• [Assigned task]: Only certain lines below are wanted: those starting at the line containing "D-LINE Beskyttelsesboks for" and ending at the line containing "Pro F-3002 Alüminyum", both included, each retyped exactly.

Crawled caption data
□ □ □ □ □

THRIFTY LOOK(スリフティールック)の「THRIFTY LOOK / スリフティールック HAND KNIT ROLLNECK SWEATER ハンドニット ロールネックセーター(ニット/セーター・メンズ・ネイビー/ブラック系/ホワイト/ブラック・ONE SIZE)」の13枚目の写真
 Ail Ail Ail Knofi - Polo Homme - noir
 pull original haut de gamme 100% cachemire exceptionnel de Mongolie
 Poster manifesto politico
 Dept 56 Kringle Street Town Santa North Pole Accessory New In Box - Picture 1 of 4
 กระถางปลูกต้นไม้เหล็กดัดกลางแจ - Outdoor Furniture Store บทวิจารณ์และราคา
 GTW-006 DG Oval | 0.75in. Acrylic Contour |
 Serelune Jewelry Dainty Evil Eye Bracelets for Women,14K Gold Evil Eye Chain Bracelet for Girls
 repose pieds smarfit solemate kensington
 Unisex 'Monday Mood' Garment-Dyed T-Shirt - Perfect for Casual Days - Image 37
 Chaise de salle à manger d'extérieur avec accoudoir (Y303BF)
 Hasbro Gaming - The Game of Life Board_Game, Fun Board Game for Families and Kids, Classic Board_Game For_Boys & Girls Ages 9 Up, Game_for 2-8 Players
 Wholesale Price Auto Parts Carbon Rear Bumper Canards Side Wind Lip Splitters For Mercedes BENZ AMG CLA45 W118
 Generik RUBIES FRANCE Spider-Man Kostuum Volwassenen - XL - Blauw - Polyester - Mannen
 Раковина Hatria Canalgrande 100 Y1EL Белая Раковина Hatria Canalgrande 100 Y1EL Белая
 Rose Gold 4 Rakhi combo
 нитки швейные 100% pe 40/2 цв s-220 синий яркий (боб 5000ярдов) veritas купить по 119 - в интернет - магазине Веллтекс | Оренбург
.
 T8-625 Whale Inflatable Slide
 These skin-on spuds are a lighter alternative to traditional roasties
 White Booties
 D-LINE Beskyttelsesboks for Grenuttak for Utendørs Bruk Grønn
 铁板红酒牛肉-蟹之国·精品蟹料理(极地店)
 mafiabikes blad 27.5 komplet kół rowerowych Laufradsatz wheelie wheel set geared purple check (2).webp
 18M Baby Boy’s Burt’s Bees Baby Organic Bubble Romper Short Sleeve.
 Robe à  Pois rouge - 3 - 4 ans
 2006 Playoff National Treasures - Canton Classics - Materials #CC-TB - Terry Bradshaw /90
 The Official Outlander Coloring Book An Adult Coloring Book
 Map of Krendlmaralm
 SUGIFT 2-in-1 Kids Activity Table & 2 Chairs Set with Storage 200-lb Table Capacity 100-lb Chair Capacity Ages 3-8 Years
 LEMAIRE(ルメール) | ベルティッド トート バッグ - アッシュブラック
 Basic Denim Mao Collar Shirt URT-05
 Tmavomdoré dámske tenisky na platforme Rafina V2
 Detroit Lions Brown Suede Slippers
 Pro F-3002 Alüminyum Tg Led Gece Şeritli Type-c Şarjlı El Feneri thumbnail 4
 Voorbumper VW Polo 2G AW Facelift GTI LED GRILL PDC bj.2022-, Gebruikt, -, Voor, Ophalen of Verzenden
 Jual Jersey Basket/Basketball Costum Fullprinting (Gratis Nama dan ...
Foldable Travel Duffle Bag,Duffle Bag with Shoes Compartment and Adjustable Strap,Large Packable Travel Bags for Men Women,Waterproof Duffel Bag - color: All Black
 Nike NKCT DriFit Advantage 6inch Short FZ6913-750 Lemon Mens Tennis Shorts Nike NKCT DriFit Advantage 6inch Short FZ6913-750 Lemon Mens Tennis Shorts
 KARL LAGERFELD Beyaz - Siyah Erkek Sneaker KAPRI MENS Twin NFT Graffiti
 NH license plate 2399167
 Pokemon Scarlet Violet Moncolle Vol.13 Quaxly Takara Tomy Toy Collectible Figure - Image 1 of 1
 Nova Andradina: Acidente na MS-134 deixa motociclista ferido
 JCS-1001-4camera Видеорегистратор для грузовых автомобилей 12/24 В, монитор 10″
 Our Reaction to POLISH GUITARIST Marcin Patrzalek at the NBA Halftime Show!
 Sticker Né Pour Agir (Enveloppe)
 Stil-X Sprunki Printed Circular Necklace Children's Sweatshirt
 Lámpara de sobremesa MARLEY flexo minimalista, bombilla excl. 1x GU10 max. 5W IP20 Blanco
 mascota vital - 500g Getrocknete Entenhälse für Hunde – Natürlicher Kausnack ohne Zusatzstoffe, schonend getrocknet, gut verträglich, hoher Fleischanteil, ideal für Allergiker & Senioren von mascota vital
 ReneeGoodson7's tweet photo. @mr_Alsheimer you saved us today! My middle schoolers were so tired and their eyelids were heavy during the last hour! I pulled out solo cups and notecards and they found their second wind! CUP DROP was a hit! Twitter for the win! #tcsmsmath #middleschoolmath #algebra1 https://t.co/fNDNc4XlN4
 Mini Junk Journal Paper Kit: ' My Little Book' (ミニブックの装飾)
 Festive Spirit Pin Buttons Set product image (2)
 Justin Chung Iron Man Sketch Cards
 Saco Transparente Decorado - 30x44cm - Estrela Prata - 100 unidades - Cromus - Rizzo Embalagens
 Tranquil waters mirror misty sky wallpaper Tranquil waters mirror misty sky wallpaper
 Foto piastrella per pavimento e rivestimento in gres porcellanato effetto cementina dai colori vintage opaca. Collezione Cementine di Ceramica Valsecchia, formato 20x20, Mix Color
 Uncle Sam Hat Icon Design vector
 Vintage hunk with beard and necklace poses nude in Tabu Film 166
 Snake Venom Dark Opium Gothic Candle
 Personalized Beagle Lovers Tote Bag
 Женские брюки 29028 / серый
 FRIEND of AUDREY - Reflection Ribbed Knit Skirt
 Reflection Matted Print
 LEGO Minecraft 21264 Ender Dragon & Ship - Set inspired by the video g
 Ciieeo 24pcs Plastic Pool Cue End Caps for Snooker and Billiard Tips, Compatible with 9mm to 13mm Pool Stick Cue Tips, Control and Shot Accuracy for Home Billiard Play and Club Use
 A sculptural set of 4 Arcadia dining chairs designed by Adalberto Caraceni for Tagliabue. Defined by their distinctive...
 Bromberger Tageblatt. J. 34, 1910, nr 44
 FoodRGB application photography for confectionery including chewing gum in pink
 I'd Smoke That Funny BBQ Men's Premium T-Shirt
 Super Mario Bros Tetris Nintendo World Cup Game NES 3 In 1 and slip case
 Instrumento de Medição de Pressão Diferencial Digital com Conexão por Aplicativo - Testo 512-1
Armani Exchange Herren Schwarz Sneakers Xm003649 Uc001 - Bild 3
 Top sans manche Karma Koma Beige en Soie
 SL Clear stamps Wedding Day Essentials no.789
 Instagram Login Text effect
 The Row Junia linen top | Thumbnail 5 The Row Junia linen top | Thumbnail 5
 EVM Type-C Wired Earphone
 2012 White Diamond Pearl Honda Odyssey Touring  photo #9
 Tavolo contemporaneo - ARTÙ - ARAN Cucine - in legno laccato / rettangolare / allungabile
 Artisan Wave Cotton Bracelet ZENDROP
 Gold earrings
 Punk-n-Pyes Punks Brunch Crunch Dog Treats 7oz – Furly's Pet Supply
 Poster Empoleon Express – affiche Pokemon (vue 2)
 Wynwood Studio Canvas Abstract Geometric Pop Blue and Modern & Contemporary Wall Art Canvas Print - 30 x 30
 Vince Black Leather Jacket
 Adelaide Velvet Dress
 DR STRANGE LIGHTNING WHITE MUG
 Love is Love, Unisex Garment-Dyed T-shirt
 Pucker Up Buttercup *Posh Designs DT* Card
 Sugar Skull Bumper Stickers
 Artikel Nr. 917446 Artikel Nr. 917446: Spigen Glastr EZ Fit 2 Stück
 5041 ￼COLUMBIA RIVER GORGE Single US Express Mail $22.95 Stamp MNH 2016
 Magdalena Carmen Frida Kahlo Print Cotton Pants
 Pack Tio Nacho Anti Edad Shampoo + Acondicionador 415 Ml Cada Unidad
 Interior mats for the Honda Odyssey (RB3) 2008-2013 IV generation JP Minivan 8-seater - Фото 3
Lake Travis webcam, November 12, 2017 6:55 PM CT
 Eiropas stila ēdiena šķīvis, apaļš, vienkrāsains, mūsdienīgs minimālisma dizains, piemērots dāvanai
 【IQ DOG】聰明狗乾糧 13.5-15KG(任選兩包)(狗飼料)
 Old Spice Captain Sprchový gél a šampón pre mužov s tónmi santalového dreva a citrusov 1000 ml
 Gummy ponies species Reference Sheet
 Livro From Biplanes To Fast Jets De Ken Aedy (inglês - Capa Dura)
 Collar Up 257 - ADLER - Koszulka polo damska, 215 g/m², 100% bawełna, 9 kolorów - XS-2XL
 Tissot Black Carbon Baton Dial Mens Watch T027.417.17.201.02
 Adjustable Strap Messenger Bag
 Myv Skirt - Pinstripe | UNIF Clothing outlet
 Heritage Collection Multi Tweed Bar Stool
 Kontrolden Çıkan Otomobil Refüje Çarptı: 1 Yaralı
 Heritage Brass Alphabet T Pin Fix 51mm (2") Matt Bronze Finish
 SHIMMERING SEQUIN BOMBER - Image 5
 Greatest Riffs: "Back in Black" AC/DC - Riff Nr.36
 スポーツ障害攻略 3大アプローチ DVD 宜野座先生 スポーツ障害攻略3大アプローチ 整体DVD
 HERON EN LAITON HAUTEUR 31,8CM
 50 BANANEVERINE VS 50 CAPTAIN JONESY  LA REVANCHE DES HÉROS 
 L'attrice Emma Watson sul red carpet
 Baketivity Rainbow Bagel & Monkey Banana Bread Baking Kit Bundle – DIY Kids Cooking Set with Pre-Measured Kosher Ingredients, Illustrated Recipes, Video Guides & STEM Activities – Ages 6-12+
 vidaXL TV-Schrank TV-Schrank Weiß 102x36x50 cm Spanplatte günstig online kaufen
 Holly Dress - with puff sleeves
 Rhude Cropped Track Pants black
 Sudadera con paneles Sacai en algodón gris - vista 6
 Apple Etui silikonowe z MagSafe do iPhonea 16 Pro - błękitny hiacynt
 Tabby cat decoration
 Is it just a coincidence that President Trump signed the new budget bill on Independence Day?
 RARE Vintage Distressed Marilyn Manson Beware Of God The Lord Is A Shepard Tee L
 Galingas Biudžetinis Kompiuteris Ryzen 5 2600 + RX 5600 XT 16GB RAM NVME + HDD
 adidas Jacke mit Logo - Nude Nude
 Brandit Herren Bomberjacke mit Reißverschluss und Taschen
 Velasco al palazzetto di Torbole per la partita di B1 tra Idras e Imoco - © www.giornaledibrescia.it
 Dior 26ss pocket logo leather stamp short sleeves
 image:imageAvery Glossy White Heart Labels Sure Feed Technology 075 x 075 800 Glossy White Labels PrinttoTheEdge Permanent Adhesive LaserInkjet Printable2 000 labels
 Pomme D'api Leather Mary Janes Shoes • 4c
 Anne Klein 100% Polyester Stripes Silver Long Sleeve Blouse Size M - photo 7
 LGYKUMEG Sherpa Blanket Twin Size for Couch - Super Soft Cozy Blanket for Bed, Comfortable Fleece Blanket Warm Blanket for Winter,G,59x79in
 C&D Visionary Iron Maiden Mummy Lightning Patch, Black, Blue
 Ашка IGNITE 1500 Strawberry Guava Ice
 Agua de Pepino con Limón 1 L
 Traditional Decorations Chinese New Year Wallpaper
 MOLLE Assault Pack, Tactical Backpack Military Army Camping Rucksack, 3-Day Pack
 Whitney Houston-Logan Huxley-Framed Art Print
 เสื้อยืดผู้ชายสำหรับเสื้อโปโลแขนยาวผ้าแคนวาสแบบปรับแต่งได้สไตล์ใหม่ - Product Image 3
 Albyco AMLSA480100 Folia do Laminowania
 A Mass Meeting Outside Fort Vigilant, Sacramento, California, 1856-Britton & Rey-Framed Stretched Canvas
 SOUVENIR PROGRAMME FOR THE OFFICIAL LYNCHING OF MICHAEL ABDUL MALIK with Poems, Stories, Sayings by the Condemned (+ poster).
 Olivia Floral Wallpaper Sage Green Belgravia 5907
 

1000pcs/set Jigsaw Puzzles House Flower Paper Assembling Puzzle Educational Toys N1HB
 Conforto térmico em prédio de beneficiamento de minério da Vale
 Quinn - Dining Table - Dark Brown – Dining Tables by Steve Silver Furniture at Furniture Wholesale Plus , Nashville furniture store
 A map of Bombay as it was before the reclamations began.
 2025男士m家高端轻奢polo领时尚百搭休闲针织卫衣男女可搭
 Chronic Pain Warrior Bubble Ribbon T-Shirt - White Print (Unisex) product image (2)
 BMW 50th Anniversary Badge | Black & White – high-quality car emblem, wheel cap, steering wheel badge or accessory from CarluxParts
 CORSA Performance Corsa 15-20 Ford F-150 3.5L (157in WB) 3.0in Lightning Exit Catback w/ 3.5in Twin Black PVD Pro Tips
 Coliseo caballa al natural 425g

□ □ □ □ □

• [Response box]:
 D-LINE Beskyttelsesboks for Grenuttak for Utendørs Bruk Grønn
 铁板红酒牛肉-蟹之国·精品蟹料理(极地店)
 mafiabikes blad 27.5 komplet kół rowerowych Laufradsatz wheelie wheel set geared purple check (2).webp
 18M Baby Boy’s Burt’s Bees Baby Organic Bubble Romper Short Sleeve.
 Robe à  Pois rouge - 3 - 4 ans
 2006 Playoff National Treasures - Canton Classics - Materials #CC-TB - Terry Bradshaw /90
 The Official Outlander Coloring Book An Adult Coloring Book
 Map of Krendlmaralm
 SUGIFT 2-in-1 Kids Activity Table & 2 Chairs Set with Storage 200-lb Table Capacity 100-lb Chair Capacity Ages 3-8 Years
 LEMAIRE(ルメール) | ベルティッド トート バッグ - アッシュブラック
 Basic Denim Mao Collar Shirt URT-05
 Tmavomdoré dámske tenisky na platforme Rafina V2
 Detroit Lions Brown Suede Slippers
 Pro F-3002 Alüminyum Tg Led Gece Şeritli Type-c Şarjlı El Feneri thumbnail 4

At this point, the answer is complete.